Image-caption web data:
....

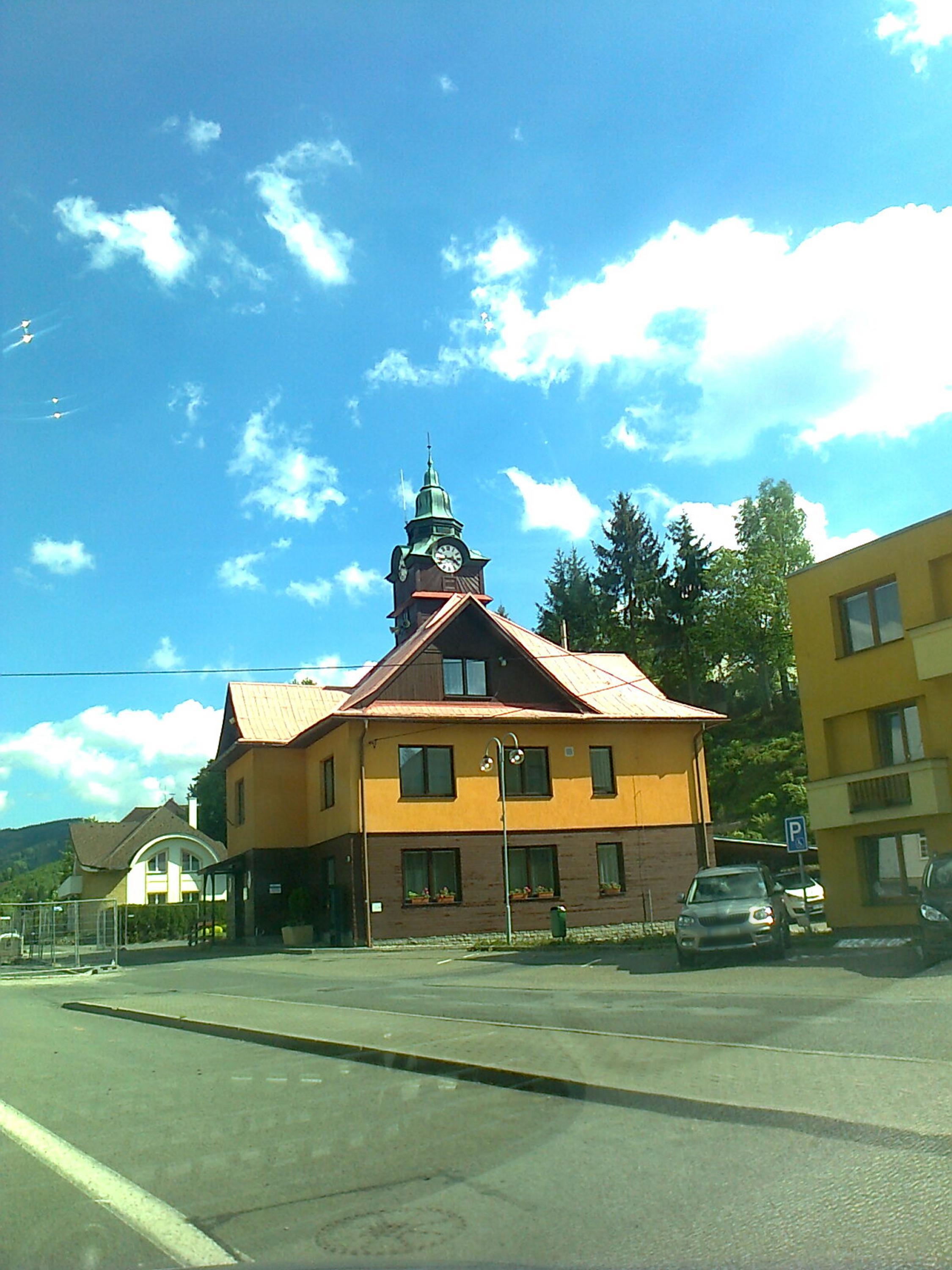 Horní Bečva - obecní úřad foto 5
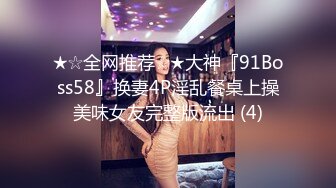 ★☆全网推荐☆★大神『91Boss58』换妻4P淫乱餐桌上操美味女友完整版流出 (4)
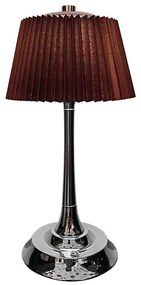 LED Lampada da tavolo ricaricabile dimmerabile LED/1,5W/5V 3000-6000K 1800 mAh marrone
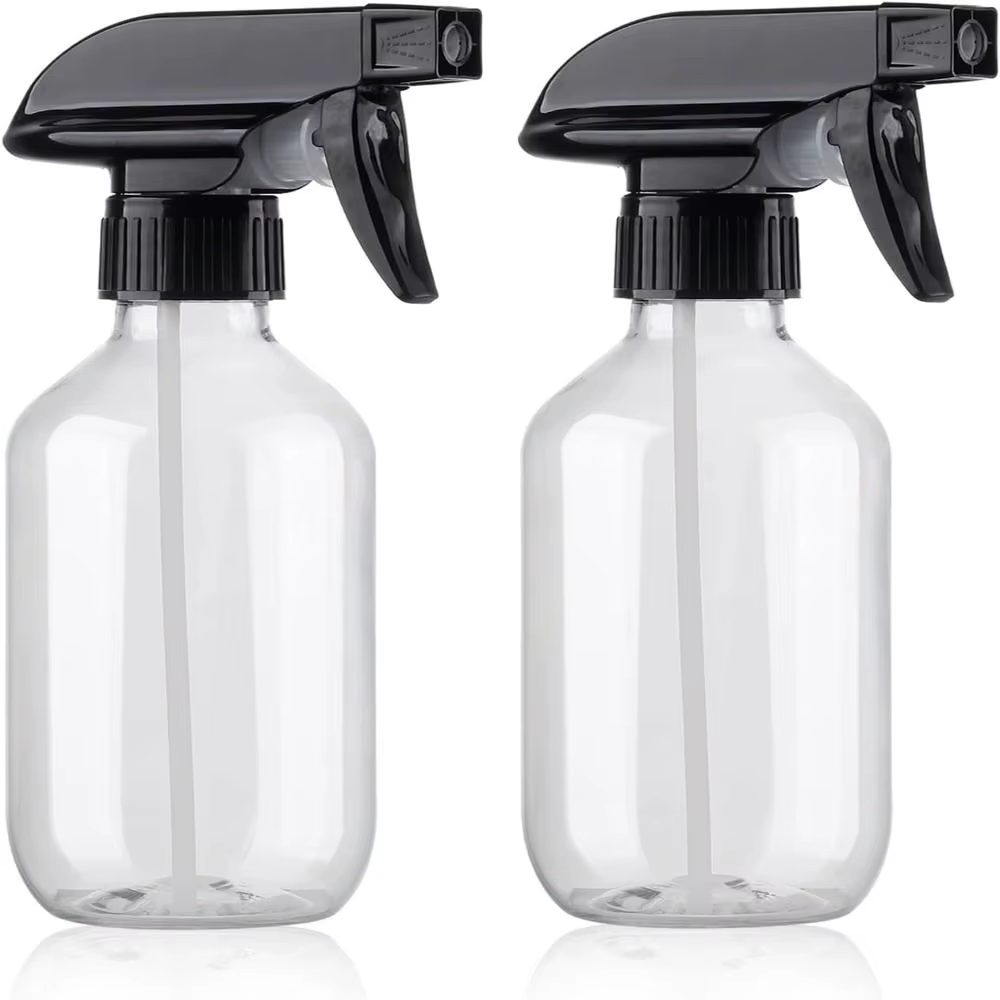 Bouteille de pulvérisation d'eau pour plantes en plastique sans BPA, vaporisateur africain, brume fi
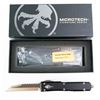 Image 1 : NIB Microtech Ultratech Warhound Auto Knife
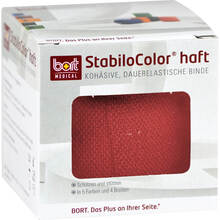 Bort Stabilocolor Binde 4cm 1 St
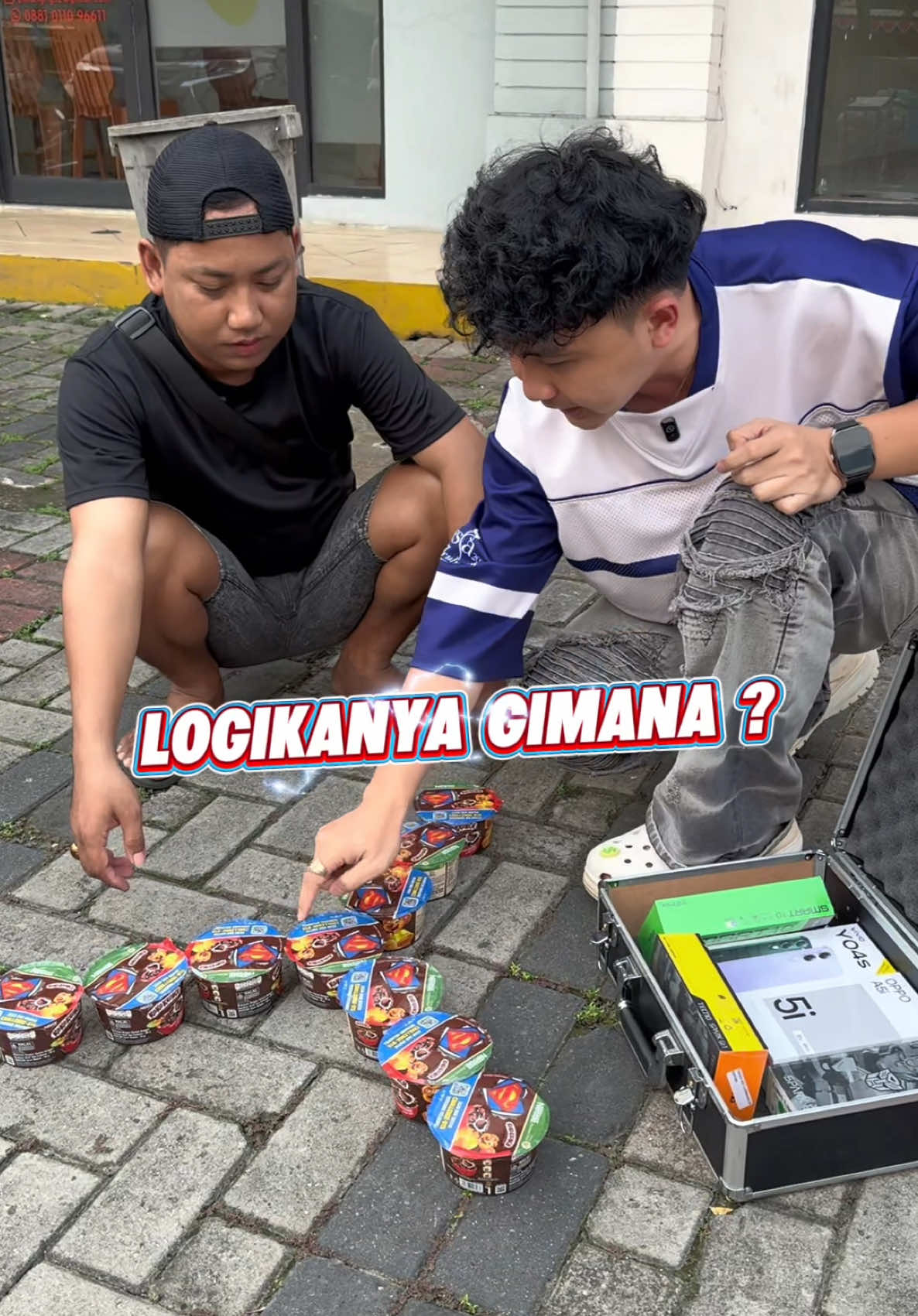 Bikin kiri kanan tujuh bentuk Y #logikanyagimana #tekateki #rivelsumigar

....

WHAT NEEDS TO BE DONE →
All of the data needs repeating exactly, but the pictures do not.

SOLVED EXERCISE →
 Horní Bečva - obecní úřad foto 5
 ★☆全网推荐☆★大神『91Boss58』换妻4P淫乱餐桌上操美味女友完整版流出 (4)
 LED Lampada da tavolo ricaricabile dimmerabile LED/1,5W/5V 3000-6000K 1800 mAh marrone
 Bouteille de pulvérisation d'eau pour plantes en plastique sans BPA, vaporisateur africain, brume fi
 Image 1 : NIB Microtech Ultratech Warhound Auto Knife
 Bort Stabilocolor Binde 4cm 1 St
 Bikin kiri kanan tujuh bentuk Y #logikanyagimana #tekateki #rivelsumigar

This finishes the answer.